- [Data block]:
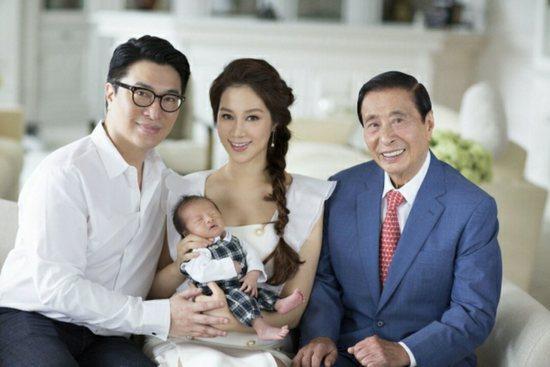 张艺谋是如何睡陈婷的:张艺谋到底有多少个孩子？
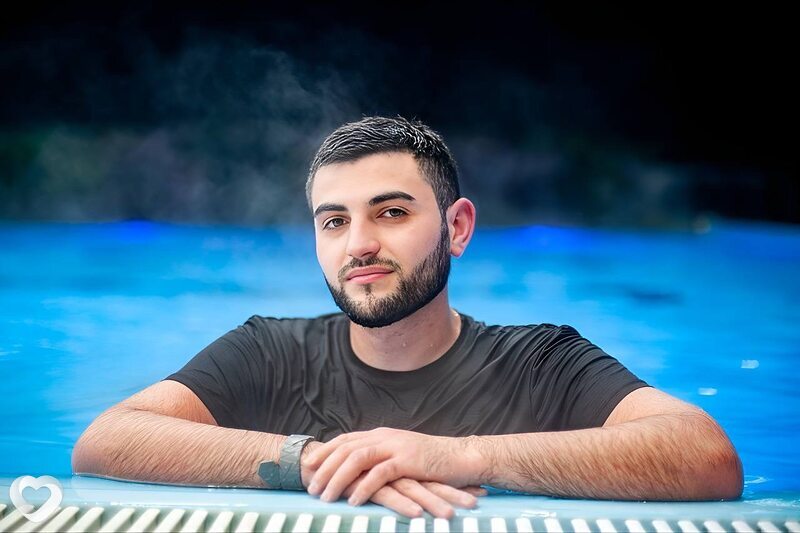 Нико, 28, Москве — анкета №2492855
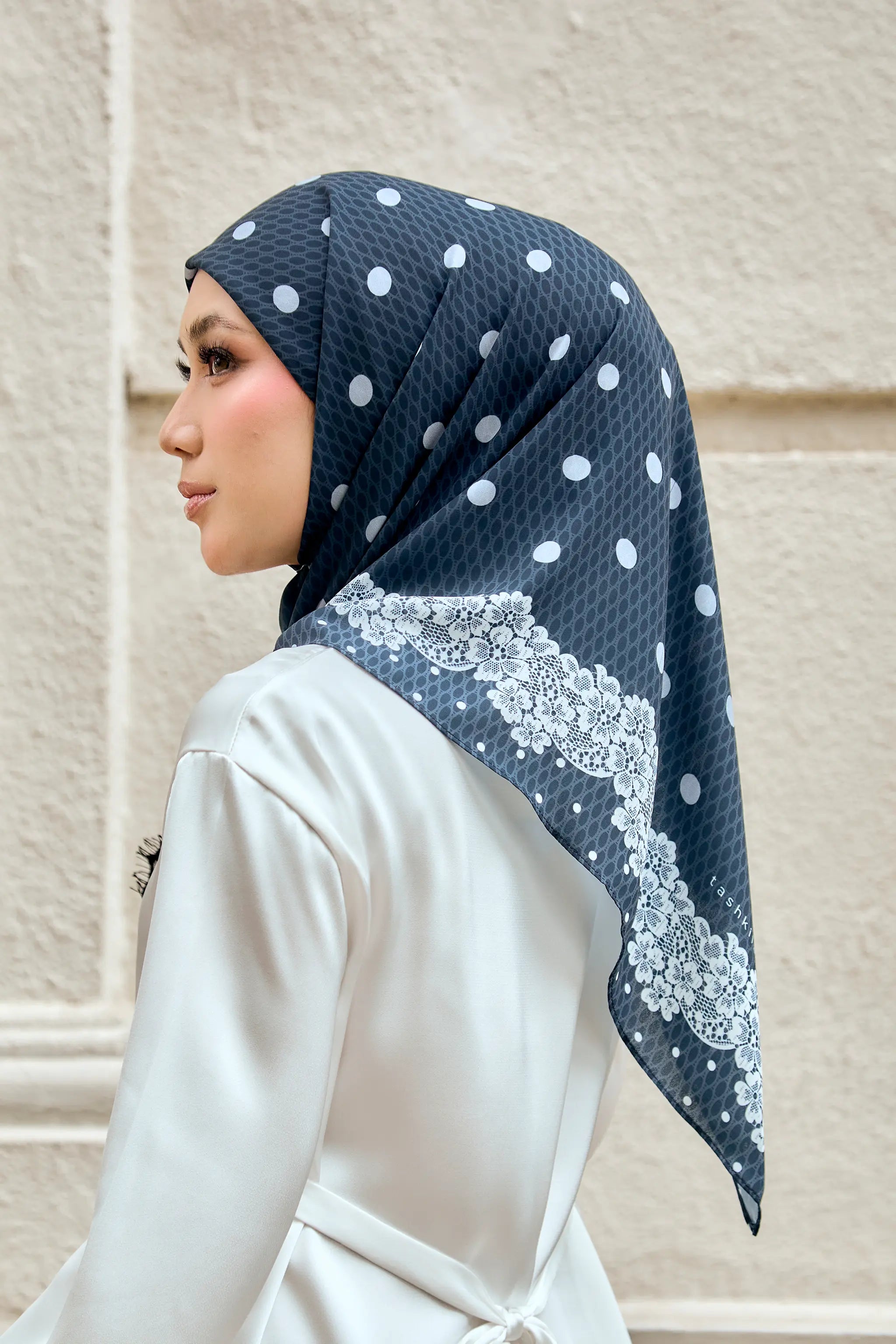 Between The Lace in Midnight | Printed Chiffon Tri-Ezy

- [Exercise objective]: Print the data above exactly; drop every picture.

- [Worked solution]:
 张艺谋是如何睡陈婷的:张艺谋到底有多少个孩子？
 Нико, 28, Москве — анкета №2492855
 Between The Lace in Midnight | Printed Chiffon Tri-Ezy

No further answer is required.